9 de marzo de 2011

mujer trabajadora


con un día de retraso, cuelgo como dudoso homenaje a la mujer trabajadora, este pseudopoema sobre lo egoístas y cafres que podemos ser los hombres




El coro de preciosas repeinadas de labios bermellones
del Simply irresistible de Robert Palmer
dejaban caer en la alfombra de mi habitación
sus minivestidos fucsias cuando desperté
a tope de power, vamos, con todo lo duro. Me
arrimo a la mujer que comparte facturas y cama conmigo;
gruñe, me arrimo más. Gruñe, me arrimo aún más, gruñe
en un tira y afloja absurdo.
Esta no se despierta ni a tiros; último intento. NO
¡pero la bola entró!
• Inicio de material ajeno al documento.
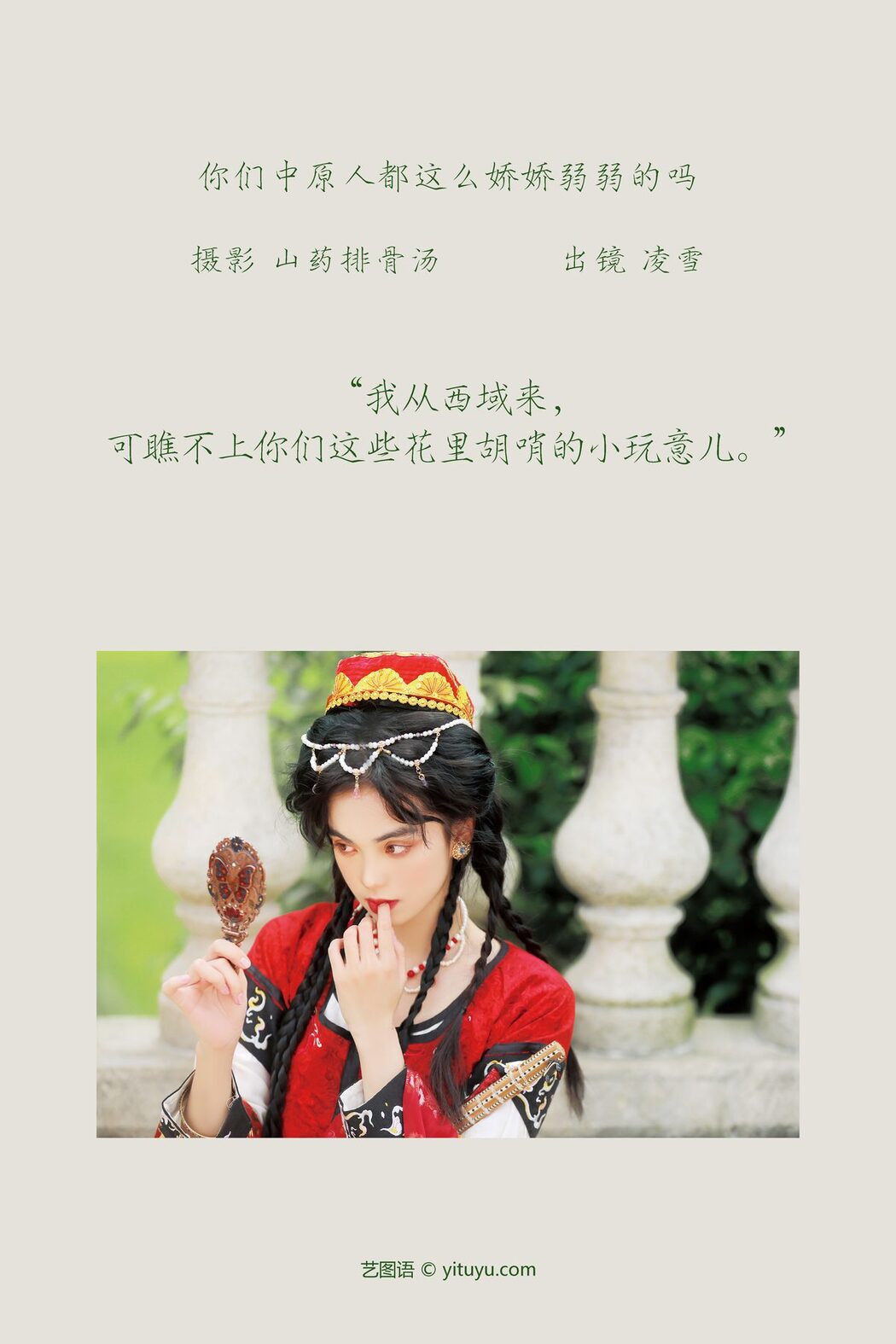 YiTuYu艺图语 Vol.3816 Ling Ling Xue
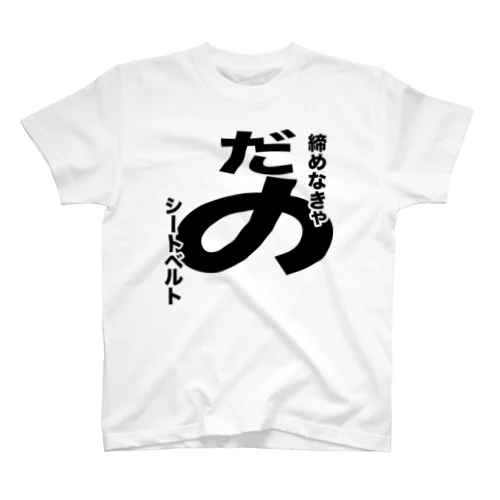 締めなきゃだめシートベルト／右席用 Regular Fit T-Shirt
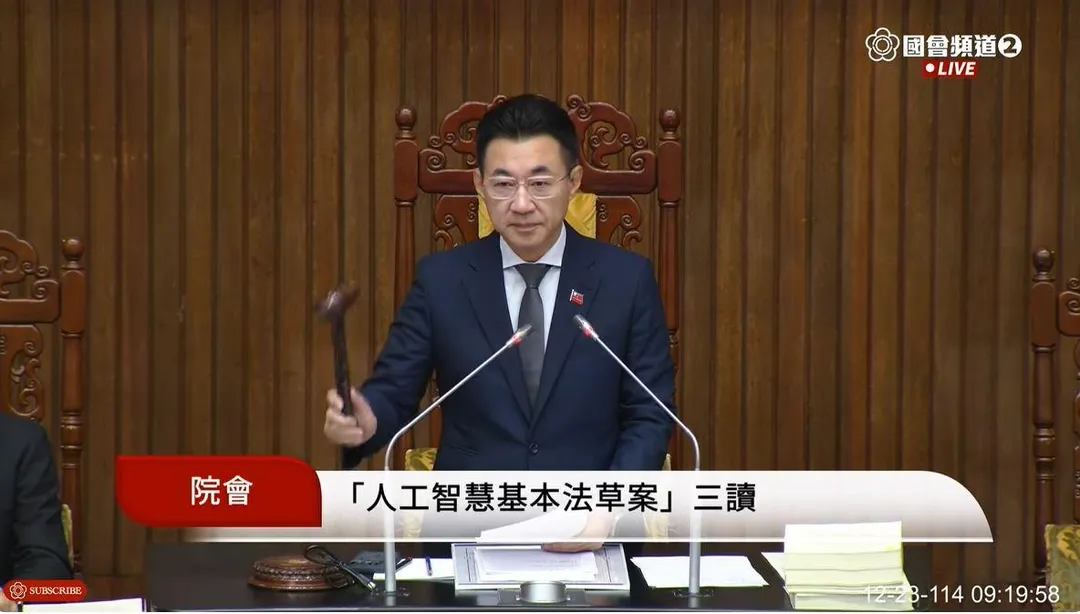 立法院副院長江啟臣宣布《人工智慧基本法》三讀通過。（圖／國會頻道）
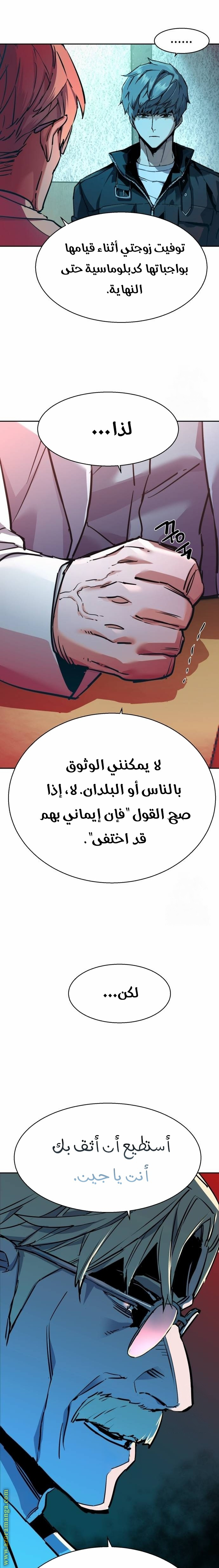 Read Mercenary Enrollment AR Manga Online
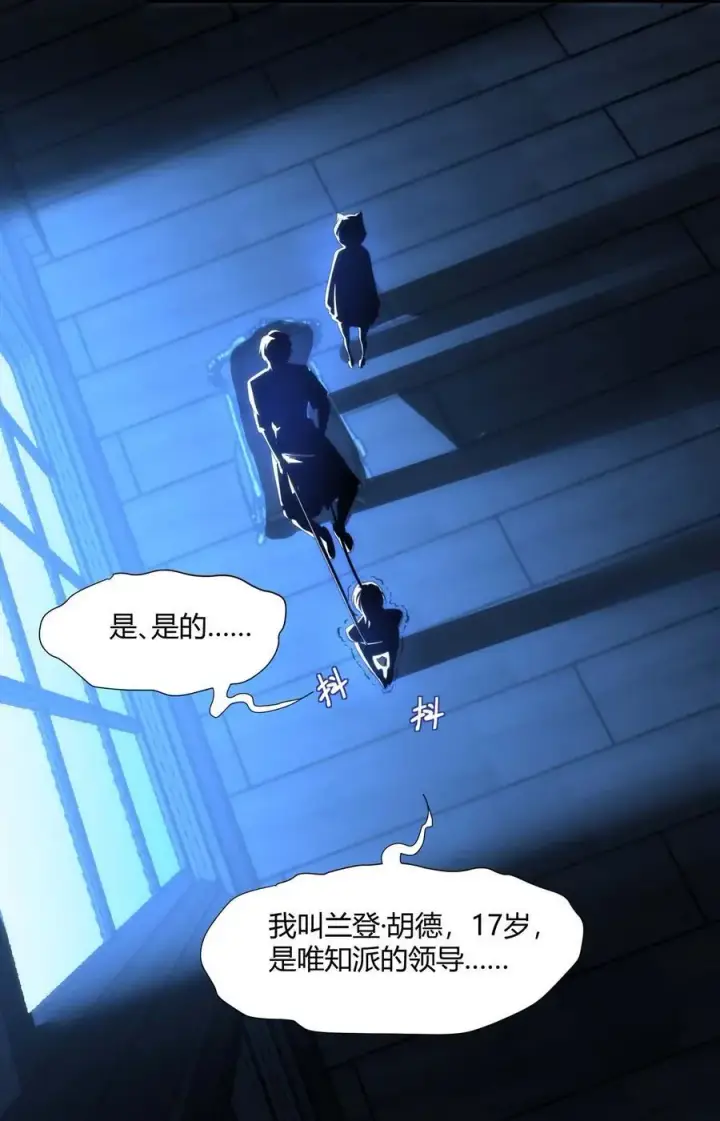 漫画《我真不是邪神走狗》105 你来试试掠夺我（上）第5张图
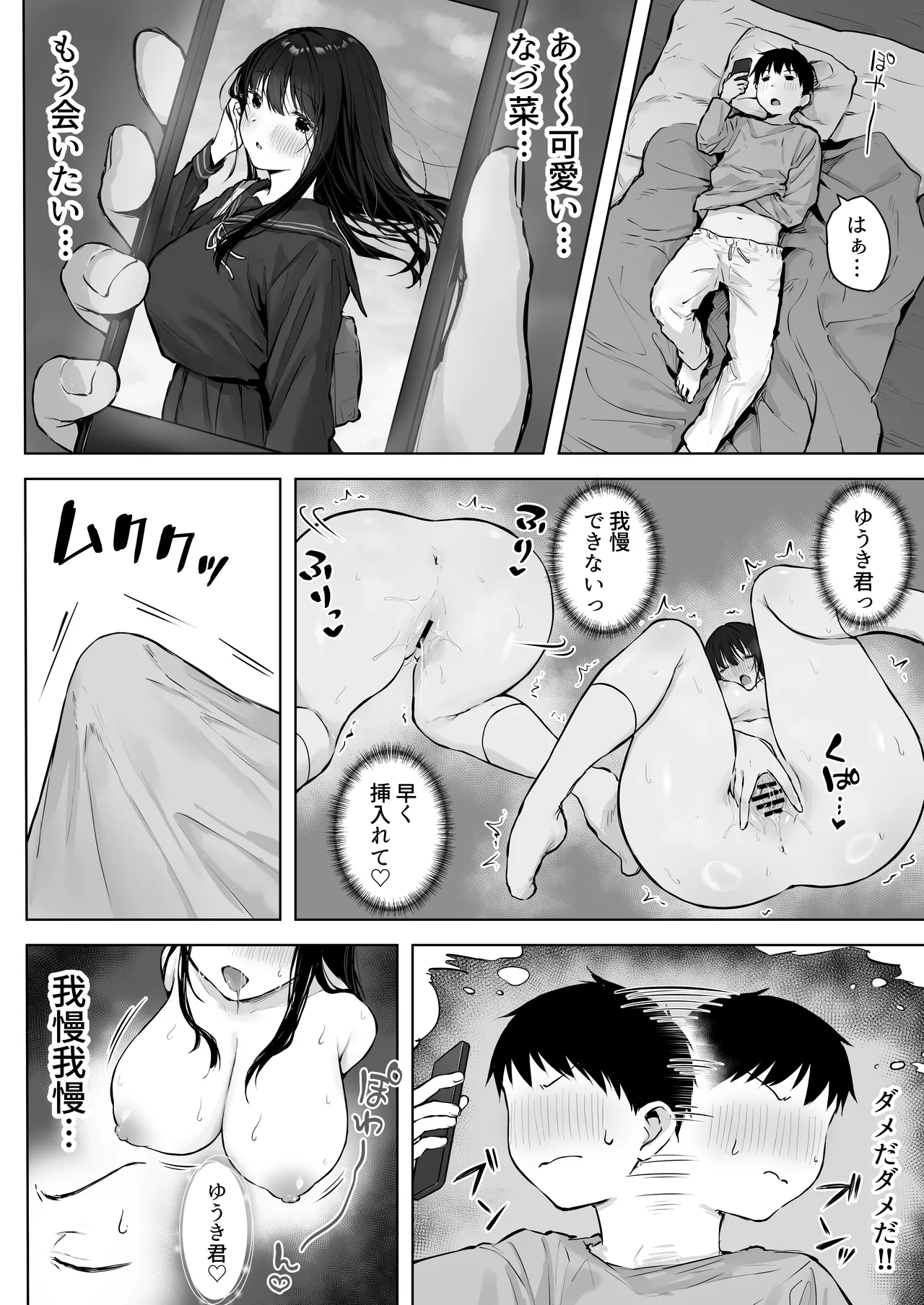 どすけべ美少女JKとお家えっち…完。 - page12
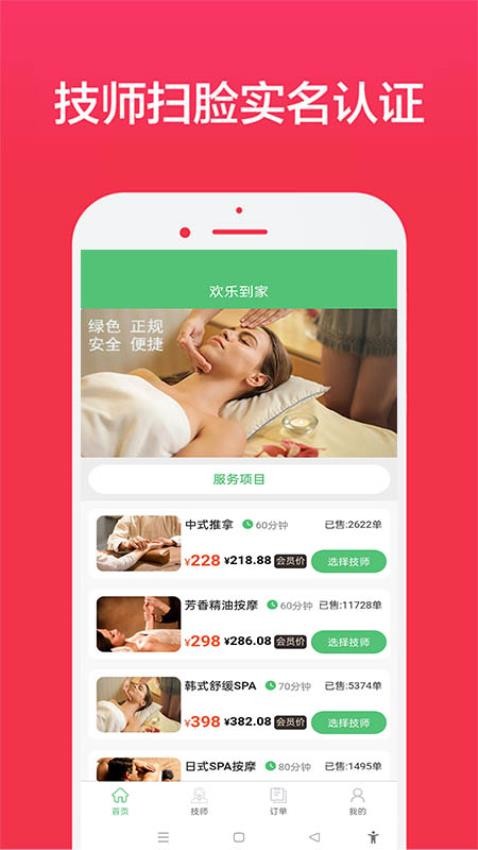 欢乐到家app图4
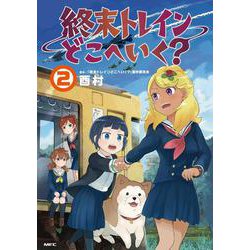 終末トレインどこへいく？　２<2>(MFC) [コミック]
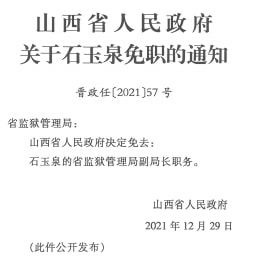 盐井村民委员会人事任命重塑乡村领导团队，推动地方发展新篇章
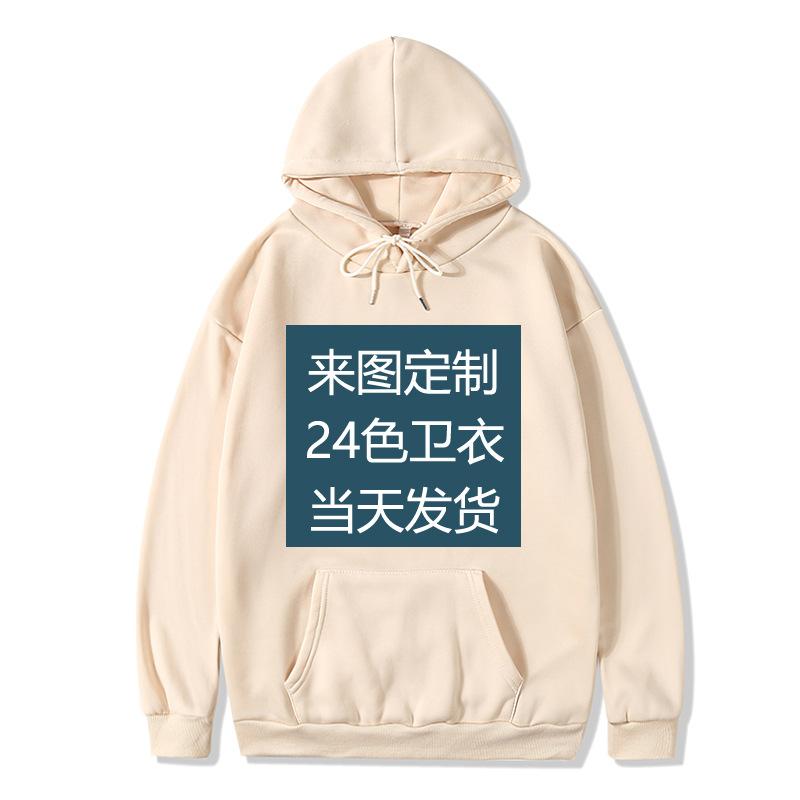 American street hoodie one piece to picture design hoodie loose pullover sweater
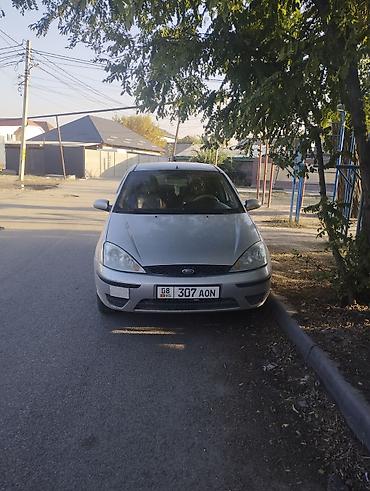 Продажа авто: Ford Focus: 2003 г., 1.6 л, Автомат, Бензин, Хэтчбэк — 3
McEnroe dixit
NO NO NO NO NO NO NO NO NO estribillo macabro

Si pusieras lavadoras, si las tendieras, si fregaras, si limpiaras

de tanto no se volvieron si

si cambiaras pañales, si espiaras los juegos de tu hija, si hicieses
la cama, el baño, si plancharas después de trabajar
NO NO NO NO NO NO NO NO NO NO estribillo punzante

la niña llora
me levanto
preparo el desayuno de la pequeña
y pienso que con esa actitud tan negativa, mi mujer, nunca
recortará la ventaja sideral que la saco
en lo que se refiere a mi pericia agitando
                                                           el biberón

4 comentarios:

Anónimo dijo...

grande robert palmer, ya tiene un saco de castañas

pringaud dijo...

anónimo, uno tan grande como su hermana laura, je,je, desde que estuvieron de vacaciones en Tiora, cayeron en picado

MA dijo...

¡Me gustaba ese video!¿Donde encontrarían tantas chicas iguales?
Tu poema,... ¿que puedo decirte chico, que cada día me gustas más?, pero no confundas biología y sociedad.

Céfiro dijo...

Tío, estás creando... si no escuela, sí estilo. Eso es indudable. Ahora sólo te queda no encasillarte. O sí. Felices biberones.